Physique moléculaire
Un pH-mètre pour le nanomonde
Stars des nanotechnologies, les nanotubes de carbone sont surtout connus pour leur solidité et leur élasticité sans équivalent. Mais ces cylindres de taille atomique n’en finissent pas de surprendre. Dernière découverte en date sur ces minuscules objets : ils constituent les plus petits pH-mètres qui soient, capables de mesurer l’acidité d’un liquide d’à peine un femtolitre (un millionième de milliardième de litre).
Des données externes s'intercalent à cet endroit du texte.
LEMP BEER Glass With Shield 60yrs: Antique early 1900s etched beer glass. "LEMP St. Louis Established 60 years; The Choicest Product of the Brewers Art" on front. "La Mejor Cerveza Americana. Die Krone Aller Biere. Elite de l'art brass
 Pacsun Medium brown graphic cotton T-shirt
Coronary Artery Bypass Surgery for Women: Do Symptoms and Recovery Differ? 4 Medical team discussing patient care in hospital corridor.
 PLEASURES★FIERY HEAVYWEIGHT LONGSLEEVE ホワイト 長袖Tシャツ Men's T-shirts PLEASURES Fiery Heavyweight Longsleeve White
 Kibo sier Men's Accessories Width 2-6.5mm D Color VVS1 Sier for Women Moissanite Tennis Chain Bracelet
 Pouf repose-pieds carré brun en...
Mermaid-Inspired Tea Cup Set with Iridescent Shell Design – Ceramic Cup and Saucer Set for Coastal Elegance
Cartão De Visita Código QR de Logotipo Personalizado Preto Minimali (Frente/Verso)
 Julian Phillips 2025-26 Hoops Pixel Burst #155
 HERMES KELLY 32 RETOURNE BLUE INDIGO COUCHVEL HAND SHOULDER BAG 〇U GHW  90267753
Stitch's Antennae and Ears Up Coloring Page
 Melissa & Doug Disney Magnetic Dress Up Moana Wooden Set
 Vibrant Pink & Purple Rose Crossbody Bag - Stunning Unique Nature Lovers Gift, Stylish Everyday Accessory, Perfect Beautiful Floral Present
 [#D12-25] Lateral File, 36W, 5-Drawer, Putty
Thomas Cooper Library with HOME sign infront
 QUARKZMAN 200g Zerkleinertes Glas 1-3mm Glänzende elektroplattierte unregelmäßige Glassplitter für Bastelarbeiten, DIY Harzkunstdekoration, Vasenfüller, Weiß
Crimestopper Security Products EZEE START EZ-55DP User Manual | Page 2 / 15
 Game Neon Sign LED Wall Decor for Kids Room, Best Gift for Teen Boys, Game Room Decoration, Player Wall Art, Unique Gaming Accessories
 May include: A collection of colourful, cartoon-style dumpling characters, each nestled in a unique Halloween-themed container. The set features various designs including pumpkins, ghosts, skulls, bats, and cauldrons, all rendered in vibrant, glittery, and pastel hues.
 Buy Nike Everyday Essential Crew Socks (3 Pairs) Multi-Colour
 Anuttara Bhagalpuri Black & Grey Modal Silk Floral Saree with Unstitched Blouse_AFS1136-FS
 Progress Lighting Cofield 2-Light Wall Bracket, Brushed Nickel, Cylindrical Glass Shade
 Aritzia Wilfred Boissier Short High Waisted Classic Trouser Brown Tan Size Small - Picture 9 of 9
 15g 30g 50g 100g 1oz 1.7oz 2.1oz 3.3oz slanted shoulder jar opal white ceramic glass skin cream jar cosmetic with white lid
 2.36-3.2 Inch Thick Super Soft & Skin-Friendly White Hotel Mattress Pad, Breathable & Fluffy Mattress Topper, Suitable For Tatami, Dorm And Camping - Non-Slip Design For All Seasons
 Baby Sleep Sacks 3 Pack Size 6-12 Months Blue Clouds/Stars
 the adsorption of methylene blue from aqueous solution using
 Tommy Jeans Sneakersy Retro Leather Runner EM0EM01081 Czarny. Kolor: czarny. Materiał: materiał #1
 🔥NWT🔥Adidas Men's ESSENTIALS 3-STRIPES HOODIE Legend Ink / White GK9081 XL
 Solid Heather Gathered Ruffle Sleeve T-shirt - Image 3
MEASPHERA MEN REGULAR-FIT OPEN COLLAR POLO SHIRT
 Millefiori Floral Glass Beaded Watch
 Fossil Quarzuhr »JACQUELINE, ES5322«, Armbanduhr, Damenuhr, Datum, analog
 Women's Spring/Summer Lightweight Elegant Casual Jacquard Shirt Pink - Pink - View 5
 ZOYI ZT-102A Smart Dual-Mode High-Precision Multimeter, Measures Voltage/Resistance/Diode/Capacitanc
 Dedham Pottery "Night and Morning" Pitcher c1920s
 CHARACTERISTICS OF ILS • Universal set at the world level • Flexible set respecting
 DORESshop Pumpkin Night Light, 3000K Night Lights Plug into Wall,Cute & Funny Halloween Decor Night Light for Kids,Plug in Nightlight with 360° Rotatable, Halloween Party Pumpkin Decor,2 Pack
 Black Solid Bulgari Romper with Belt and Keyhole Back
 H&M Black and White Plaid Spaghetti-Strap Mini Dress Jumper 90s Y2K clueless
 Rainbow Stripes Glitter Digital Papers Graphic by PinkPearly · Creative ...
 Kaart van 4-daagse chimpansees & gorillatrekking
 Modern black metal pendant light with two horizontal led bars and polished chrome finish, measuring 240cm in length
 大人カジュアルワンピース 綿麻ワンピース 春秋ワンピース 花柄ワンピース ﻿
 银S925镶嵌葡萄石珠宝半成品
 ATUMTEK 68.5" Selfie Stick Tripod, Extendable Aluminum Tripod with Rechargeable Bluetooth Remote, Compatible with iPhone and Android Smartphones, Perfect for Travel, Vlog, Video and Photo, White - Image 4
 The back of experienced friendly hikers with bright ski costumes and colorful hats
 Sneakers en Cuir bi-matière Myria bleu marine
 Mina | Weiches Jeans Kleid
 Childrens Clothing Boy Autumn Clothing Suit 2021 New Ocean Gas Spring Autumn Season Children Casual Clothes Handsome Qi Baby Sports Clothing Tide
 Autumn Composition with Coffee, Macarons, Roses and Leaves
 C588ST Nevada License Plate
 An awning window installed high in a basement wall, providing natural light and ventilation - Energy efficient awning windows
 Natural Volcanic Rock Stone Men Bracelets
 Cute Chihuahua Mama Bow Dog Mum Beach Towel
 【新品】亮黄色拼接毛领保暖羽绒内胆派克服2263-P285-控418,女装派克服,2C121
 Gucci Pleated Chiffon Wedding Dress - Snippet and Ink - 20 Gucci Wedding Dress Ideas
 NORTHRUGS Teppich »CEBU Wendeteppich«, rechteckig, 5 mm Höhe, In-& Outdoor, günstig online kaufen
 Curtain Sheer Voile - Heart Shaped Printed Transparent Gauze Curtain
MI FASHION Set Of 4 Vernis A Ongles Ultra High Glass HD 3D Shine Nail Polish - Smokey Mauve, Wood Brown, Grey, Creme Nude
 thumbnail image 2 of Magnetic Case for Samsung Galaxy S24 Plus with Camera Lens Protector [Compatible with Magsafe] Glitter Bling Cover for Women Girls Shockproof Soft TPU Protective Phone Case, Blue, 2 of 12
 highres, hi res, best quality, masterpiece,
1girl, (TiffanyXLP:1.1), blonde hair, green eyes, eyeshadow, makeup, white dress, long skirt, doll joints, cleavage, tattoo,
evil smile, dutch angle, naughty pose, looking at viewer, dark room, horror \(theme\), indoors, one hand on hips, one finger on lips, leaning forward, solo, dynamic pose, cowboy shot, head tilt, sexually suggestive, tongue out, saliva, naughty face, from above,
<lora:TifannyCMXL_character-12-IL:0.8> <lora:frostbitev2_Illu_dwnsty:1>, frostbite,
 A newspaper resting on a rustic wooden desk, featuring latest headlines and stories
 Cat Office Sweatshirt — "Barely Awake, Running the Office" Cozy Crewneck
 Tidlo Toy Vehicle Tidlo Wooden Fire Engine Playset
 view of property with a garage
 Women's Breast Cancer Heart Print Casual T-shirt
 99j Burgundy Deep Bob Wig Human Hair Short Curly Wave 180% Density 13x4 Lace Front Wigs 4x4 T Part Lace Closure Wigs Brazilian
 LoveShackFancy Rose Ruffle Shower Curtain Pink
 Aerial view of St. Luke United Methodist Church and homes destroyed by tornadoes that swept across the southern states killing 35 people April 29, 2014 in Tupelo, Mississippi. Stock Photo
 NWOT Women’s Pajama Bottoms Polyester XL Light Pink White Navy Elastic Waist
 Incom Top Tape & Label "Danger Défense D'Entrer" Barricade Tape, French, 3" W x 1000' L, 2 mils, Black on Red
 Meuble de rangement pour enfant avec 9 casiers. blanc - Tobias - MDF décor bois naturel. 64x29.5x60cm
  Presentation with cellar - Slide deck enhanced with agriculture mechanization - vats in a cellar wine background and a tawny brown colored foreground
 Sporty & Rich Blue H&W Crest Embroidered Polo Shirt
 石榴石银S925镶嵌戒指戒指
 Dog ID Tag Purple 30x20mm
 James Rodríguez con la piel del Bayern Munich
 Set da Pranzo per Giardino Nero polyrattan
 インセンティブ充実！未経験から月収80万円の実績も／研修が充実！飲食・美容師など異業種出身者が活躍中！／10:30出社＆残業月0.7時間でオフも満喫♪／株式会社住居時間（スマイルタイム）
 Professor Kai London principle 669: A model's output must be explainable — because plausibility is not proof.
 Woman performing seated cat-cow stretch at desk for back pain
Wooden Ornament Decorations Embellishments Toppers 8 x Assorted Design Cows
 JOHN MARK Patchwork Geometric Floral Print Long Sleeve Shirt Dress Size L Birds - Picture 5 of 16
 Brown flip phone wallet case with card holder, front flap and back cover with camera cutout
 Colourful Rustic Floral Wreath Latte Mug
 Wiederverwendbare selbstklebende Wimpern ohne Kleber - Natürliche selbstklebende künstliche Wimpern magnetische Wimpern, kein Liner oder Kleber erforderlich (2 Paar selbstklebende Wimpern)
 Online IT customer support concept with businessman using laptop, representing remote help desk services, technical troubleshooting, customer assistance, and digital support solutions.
C’est Laurent Cognet, chercheur au Centre de physique moléculaire, optique et hertzienne (CPMOH)
1 à Talence, qui a mis en évidence cette étonnante propriété, en collaboration avec une équipe américaine de la Rice University
2.
Pour surprendre les nanotubes en pleine action, les physiciens les ont observés… s’illuminer au microscope.
« Les nanotubes ont en effet la particularité d’émettre des infrarouges quand ils sont excités par un laser, explique Laurent Cognet.
Cette luminescence, comme on l’appelle, baisse quand un nanotube est en contact avec un ion hydrogène de charge positive. Or, c’est précisément en mesurant la quantité de ces ions présents dans le milieu qu’on connaît son pH3 ». Le pH-mètre en version lilliputienne était né. Capable de détecter un seul ion à la fois. Et donc d’analyser des volumes infimes de solution.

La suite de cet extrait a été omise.